Since the law has gone into effect, here’s what you need to know:

Key Points:

  • Principal-Residence Requirement: Short-term rentals must be in the operator’s principal residence, a secondary suite, or a laneway home.
  • Exemptions: Certain properties can be exempt from these requirements.

Exemption Criteria:

There are two main exemption categories that most properties will fall under:

Existing Strata Hotels and Motels:

  • Must provide hotel/motel-like accommodation.
  • Must have:
    • Staffed front desk on site.
    • Housekeeping services for overnight accommodations.
    • A dedicated web platform for short-term rentals.

New Strata Hotels and Motels:

  • Must meet all the above service requirements and legal-use restrictions.


At least one strata lot must be unusable as a principal residence due to:

  • Zoning restrictions.
  • A rental management agreement.
  • A restrictive covenant or covenant under section 219 of the Land Title Act.

However, there are some new exemptions that have been outlined by the government:

Accessory dwelling unit 

  • A self-contained living unit with its own kitchen, sleeping area, and washroom facilities, and which is located on the same property as a dwelling unit.
  • Can be a garden suite, laneway home, carriage house or garage suite. 

Fractional ownership 

  • Fractional ownership refers to a situation where a host owns a part or fraction of a property with the right to use it for an equal fraction of the year. 
  • The owner is restricted from using the property as their principal residence because of rules outlined in the fractional ownership agreement.  

​Home exchange or house swapping

  • A home exchange is an arrangement where a person offers a right to use the person’s property for accommodation in B.C. in exchange for the right to use another person’s property.

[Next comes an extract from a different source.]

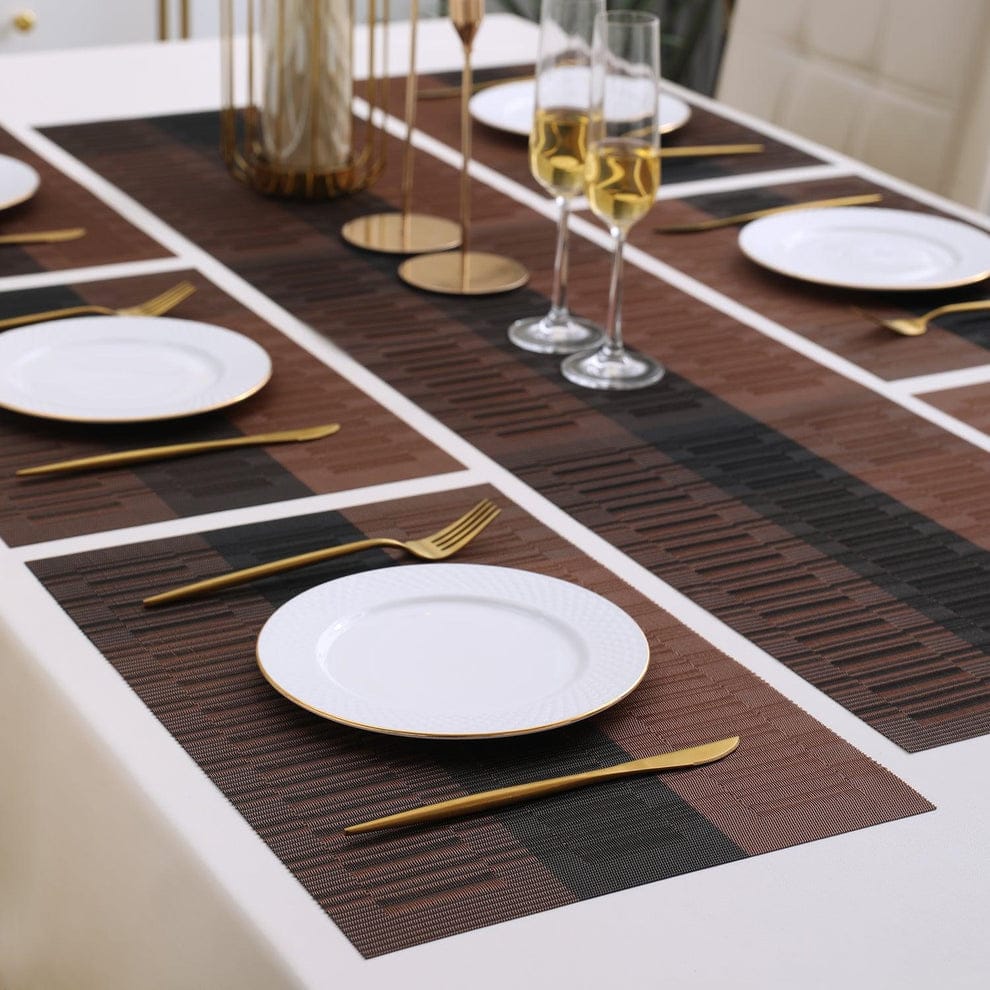 7Pcs Table Mat & Table Runner New Brown  Black Color Set Heat Resistant Placemats, Stain Resistant Washable PVC Table Mats for Dining Table Woven Placemat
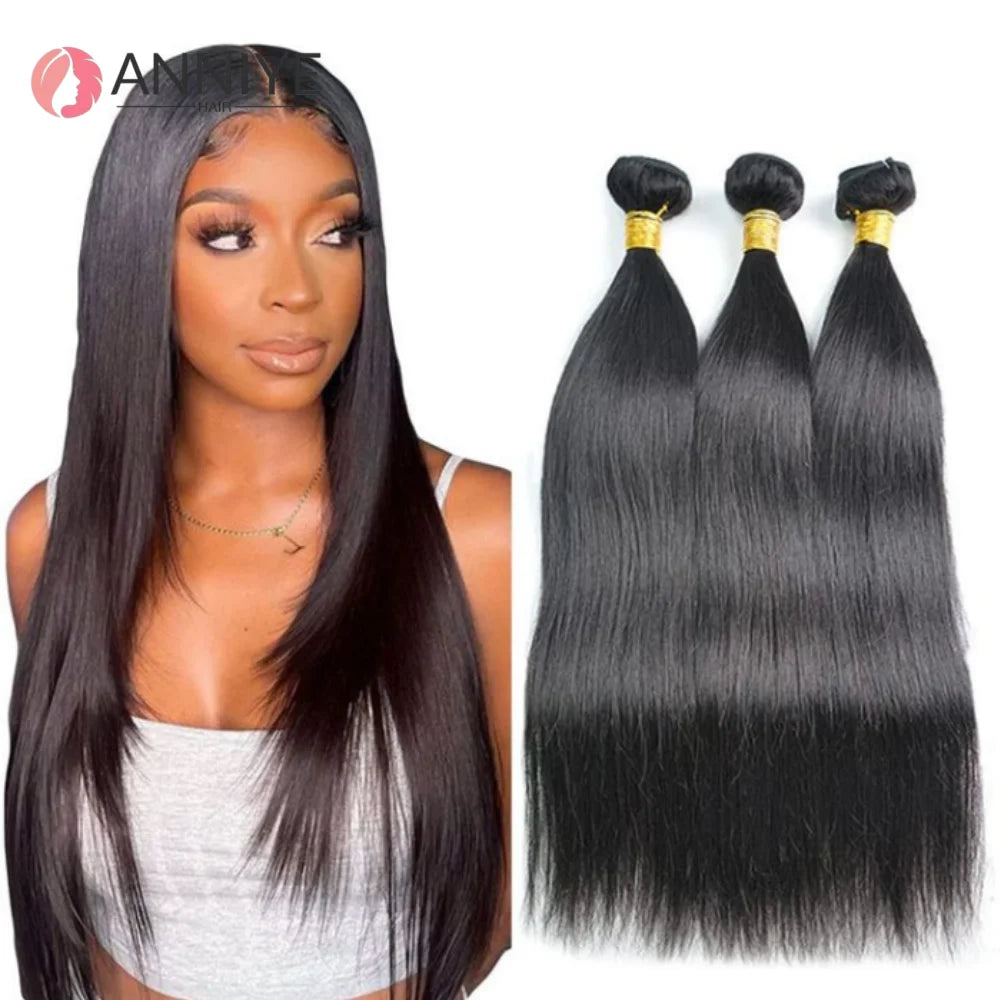Bone Straight Human Hair Bundles 1/3/4 Bundles Raw Hair Bundles 100% Human Hair Brazilian Virgin Hair Natural Color Wholesale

Outdoor Recreational Activity 

  • Outdoor recreational activities, as defined in section 8 (2) of the Prescribed Classes of Property Regulation, are certain activities that are typically connected to lodges. 
  • These activities are either organized by or through the operator of the overnight commercial accommodation, or are carried out with a guide: 

Community-Specific Updates:

  • Parksville:
    • Approximately 400 properties along Resort Drive are exempt.
    • Exemption based on municipal tourism zoning and covenants in place.
    • Exemption ensures continued operation of tourism accommodations, preventing economic impact.
  • Predator Ridge in Vernon:
    • Also received an exemption due to zoning for short-term rentals.

Impact on Property Owners and Renters:

  • Property Owners: Ensure your property meets exemption criteria or adjust to the new regulations.
  • Renters and Visitors: Expect more properties to shift from short-term rentals to long-term housing, but certain areas will still offer tourist accommodations.


Q: What happens if my property doesn’t meet exemption criteria?

Your property must comply with the provincial, regional and municipal requirements for short-term rentals. Please check this link for a full list of exemptions to see if your home or property qualifies! 

Q: Can new properties qualify for exemptions?

Yes! But they must meet all service and legal-use requirements as outlined. For a full list of exemptions to see if your property or home qualifies, click here

Q: How will these changes impact tourism?

Key tourist areas like Parksville and Predator Ridge have received exemptions to maintain tourism accommodation availability. However there are many areas that will be heavily impacted by this legislation and will undoubtedly have an adverse affect on tourism. How severe the impact will be and how communities will cope with the changes are yet to be seen. 

Q: What if I booked a vacation rental before May 1st? Will my booking be honoured?

If you have booked a short term rental before May 1st it is up to the host and platform that you booked with to ensure that your booking follows the new guidelines. Guests will not face fines for staying in a short term rental that does not comply with the rules because the responsibility lies with the host and platform. While many operators are already operating in compliance with the new laws, you might want to do due diligence and ask what the legal status of the property is to ensure you don’t run into any issues.

Q: How do I know which communities are exempt from Short-Term Rental regulations in B.C.?

A full list of communities where the new requirements do apply is available on the provincial principal residence requirement page.

For further details, property owners and guests are encouraged to review the full criteria and ensure the property you’re staying at is in compliance with BC’s new Provincial and Local Regulations.